Panning left over the cheering crowd, the camera reveals a singing Heidi on the cover of her eponymous book, a literal Thin Man when viewed from the side (a caricature of William Powell as Nick Charles) walking into the White House Cook Book and, when walking back out and seen from the side, shows that he has packed on some weight in his posterior. Whistler's Mother, on the cover of the book, Great Works of Art whistles "Ain't She Sweet", then three Little Women (three Jane Withers clones) and three Little Men (three Freddie Bartholomew clones) sing with "Old King Cole" (spoofing deep-voiced Warner Bros. character actor Eugene Pallette), the characters of The House of the Seven Gables (seven Clark Gable clones), and a drumming bulldog intended to parody Bulldog Drummond. Next Louis Pasteur (a caricature of Paul Muni in his Oscar-winning role) mixes chemicals from test tubes until they blow up, after which Pasteur is in Seventh Heaven. Also appearing is Captain William Bligh from Mutiny on the Bounty (a caricature of Charles Laughton's portrayal of him). This does not please a sleeping Rip Van Winkle (Ned Sparks, a well-known Hollywood "grouch"), who complains, "Old King Cole is a noisy old soul", while using the Valiant Little Tailor's scissors to snip hair from the title character of Uncle Tom's Cabin to plug his ears.

The music gets louder, as The Three Musketeers (featuring The Ritz Brothers) sing the title song of the cartoon, with Drums Along the Mohawk providing a beat, Emily Post (here portrayed as "Emily Host") scolds Henry VIII of England for his rudeness, and a character from Katherine Mayo's controversial 1927 book Mother India plays along on his pungi. Then Rip again takes scissors from the Tailor and tries to use them once more on Uncle Tom; Tom beats him back then uses the scissors to cut Rip's beard. Then Diamond Jim Brady (an Edward Arnold caricature, from the 1935 film of the same name) comes along pitching mortgage payments as the Drums beat louder, Henry becomes even more gluttonous (and Emily Post joins in the gluttony), and Oliver Twist twists. W. C. Fields (here portrayed with a red nose in a parody of So Red the Rose) joins in, as does Ted Lewis as the Pied Piper of Hamelin, leading mice with a jazzy tune on clarinet.

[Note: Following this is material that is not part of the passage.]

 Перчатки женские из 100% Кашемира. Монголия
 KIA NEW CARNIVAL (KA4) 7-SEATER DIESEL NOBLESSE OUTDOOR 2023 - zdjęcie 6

The Musketeers retrieve a horse from Three Men on a Horse and, along the way grab the Seven Keys to Baldpate which they use to free the Prisoner of Zenda, over Aladdin's objections. Aladdin gets punched out by one of the Men. As the Three Men pass The Informer (a caricature of Victor McLaglen, who won a 1935 Academy Award for playing the role), he whispers to Little Boy Blue (here named "Little Boy Blew") who then trumpets for a Charge of the Light Brigade. Robinson Crusoe fires at the Three Men, along with guns from All Quiet on the Western Front and backup cavalry from Under Two Flags. The incessant noise disturbs Rip, who has had enough of trying to sleep and, as the battling, running characters approach, he opens The Hurricane, so that all of them end up Gone with the Wind (in a play on the then-recent book), blown back to their own books.

After all performances terminate, the Town Crier appears again, concluding the cartoon with a brief message ending with "All is well, all is well ...", and the camera pans back to the cuckoo clock, which Rip silences and sleeps next to.

==Home media==
- LaserDisc – The Golden Age of Looney Tunes, Volume 1, Side 1
- DVD – Looney Tunes Golden Collection: Volume 2 (with the Alexander Woollcott scenes restored)

==Reception==
The daily publication The Film Daily called the short a "fine fantasy".